TRY IT »
Reproduce all of the data below without alteration; exclude every picture.

[Short text fragments from websites]

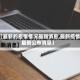 【最新的疫情情况最新消息,最新疫情最新公布消息】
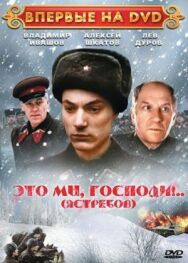 Постер к Это мы, господи... смотреть онлайн на HD Rezka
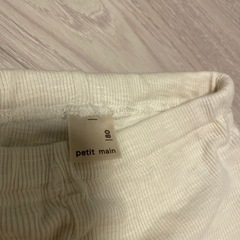 プティマイン　ズボン【80】の画像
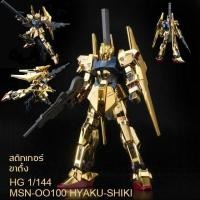 ราคา โมเดลกันดั้ม hg1 144 โมเดลประกอบ กันดั้ม ชุดตัวต่อโมเดลหุ่นยนต์ ข้อต่อขยับได้ ของเล่นเด็กผช gundam Building Blocks (22695073812)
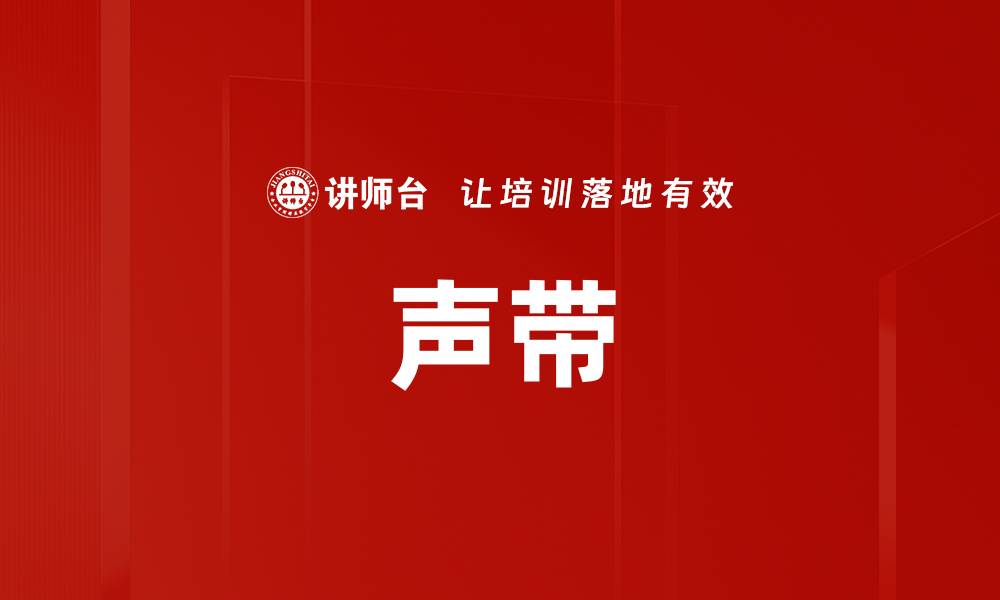 文章声带的缩略图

TASK RESPONSE »
 【最新的疫情情况最新消息,最新疫情最新公布消息】
 Постер к Это мы, господи... смотреть онлайн на HD Rezka
 プティマイン　ズボン【80】の画像
 ราคา โมเดลกันดั้ม hg1 144 โมเดลประกอบ กันดั้ม ชุดตัวต่อโมเดลหุ่นยนต์ ข้อต่อขยับได้ ของเล่นเด็กผช gundam Building Blocks (22695073812)
 文章声带的缩略图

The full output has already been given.